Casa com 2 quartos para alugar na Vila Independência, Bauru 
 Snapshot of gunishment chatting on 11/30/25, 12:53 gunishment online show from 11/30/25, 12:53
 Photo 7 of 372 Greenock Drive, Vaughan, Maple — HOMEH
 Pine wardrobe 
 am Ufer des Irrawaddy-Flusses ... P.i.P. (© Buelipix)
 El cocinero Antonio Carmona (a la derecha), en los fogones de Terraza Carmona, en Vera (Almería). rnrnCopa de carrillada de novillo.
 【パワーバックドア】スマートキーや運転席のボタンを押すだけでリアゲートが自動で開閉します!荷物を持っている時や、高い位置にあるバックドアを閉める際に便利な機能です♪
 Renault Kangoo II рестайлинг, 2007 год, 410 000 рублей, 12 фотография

######

> _Work instruction_:
Repeat the material in full. Nothing may differ.

> _Written response_:
Casa com 2 quartos para alugar na Vila Independência, Bauru 
 Snapshot of gunishment chatting on 11/30/25, 12:53 gunishment online show from 11/30/25, 12:53
 Photo 7 of 372 Greenock Drive, Vaughan, Maple — HOMEH
 Pine wardrobe 
 am Ufer des Irrawaddy-Flusses ... P.i.P. (© Buelipix)
 El cocinero Antonio Carmona (a la derecha), en los fogones de Terraza Carmona, en Vera (Almería). rnrnCopa de carrillada de novillo.
 【パワーバックドア】スマートキーや運転席のボタンを押すだけでリアゲートが自動で開閉します!荷物を持っている時や、高い位置にあるバックドアを閉める際に便利な機能です♪
 Renault Kangoo II рестайлинг, 2007 год, 410 000 рублей, 12 фотография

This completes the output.